Из подъезда Дома Журналистов выкатилась шумная ватага деятелей – в дубленках нараспашку, в цветастых мохеровых шарфах, в норковых шапках – сопровождаемая стойким запахом коньяка и хорошего трубочного табака. Он несколько секунд помедлил, пока деятели пересекали тротуар и забивались в чрево белого небольшого автобусика, полюбовался на облачко пара, выброшенное выхлопной трубой автомобиля, и пошел дальше.
Из неплотно прикрытой двери забегаловки сотней метров спустя тянуло домашним борщом, или, может быть, солянкой – кто бы знал. Но запах был влекущим – вкусным и вполне наваристым. Он опять помедлил возле этой невзрачной двери, но тут чувство голода куда-то скрылось, и ему не оставалось ничего другого как идти дальше.
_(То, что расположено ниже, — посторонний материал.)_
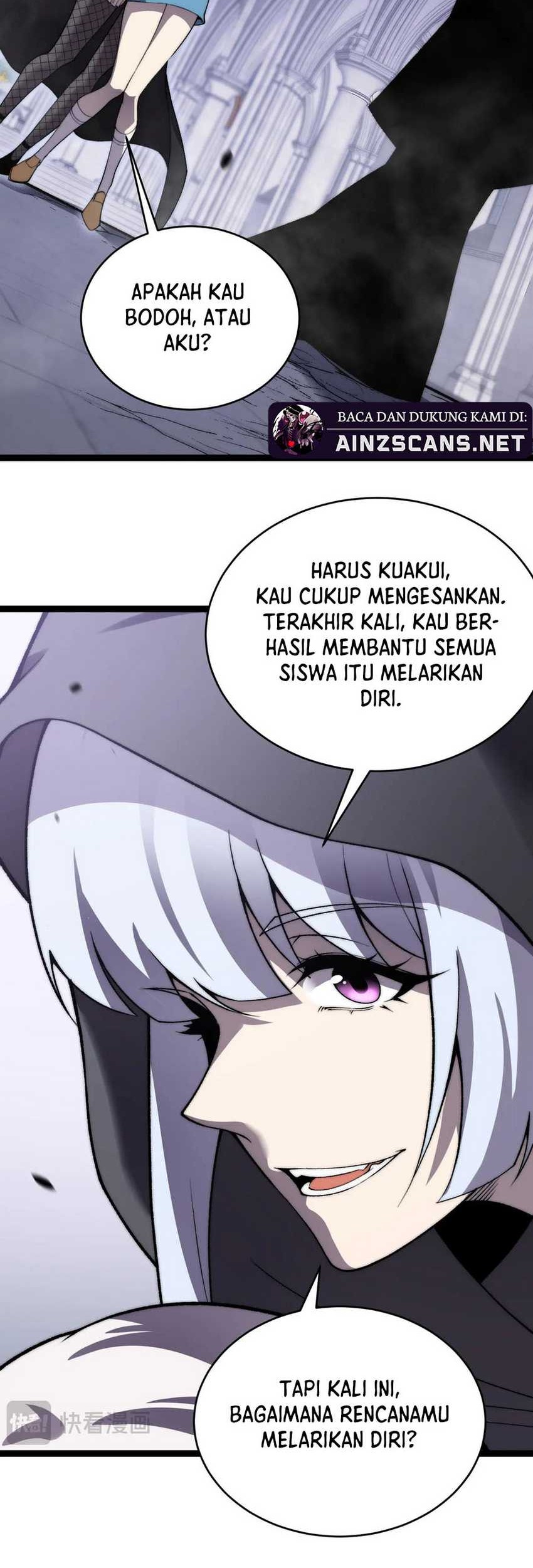 Maxed Strength Necromancer Bab 53 halaman 9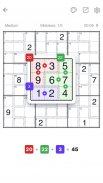Killer Sudoku - Sudoku-puzzel screenshot 3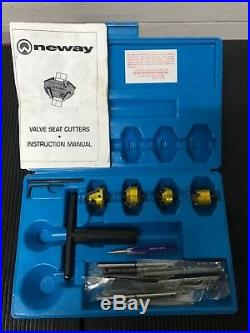 Neway Valve Seat Cutter Kit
Дождавшись зеленого, он перешел от Кинотеатра Повторного Фильма к серой громаде ТАСС; потом, свернув под девяносто градусов, ускорил шаг и быстро, по диагонали, пересек раскатанную машинами мостовую Тверского. Возле памятника Тимирязеву, усиженному грязными городскими голубями, он остановился, вгляделся в надпись, в досаде махнул рукой – и пошел, ускоряя шаг, вверх по ленте бульвара.
Снега прибыло, он поскрипывал. Но – не скользилось. Лишь в одном месте, там, где блестела недлинная щербатая ледяная дорожка, он разбежался и прочертил прямую линию по замерзшему зеркалу.
Спустя три лавочки он заметил впереди неясную фигуру в коричневой дубленке и красивой вязаной шапочке. Собственно, его внимание привлекла не сама фигура, а именно шапочка – потому что была она какой-то невероятной конструкции; необычной, но, в то же время, очень элегантной.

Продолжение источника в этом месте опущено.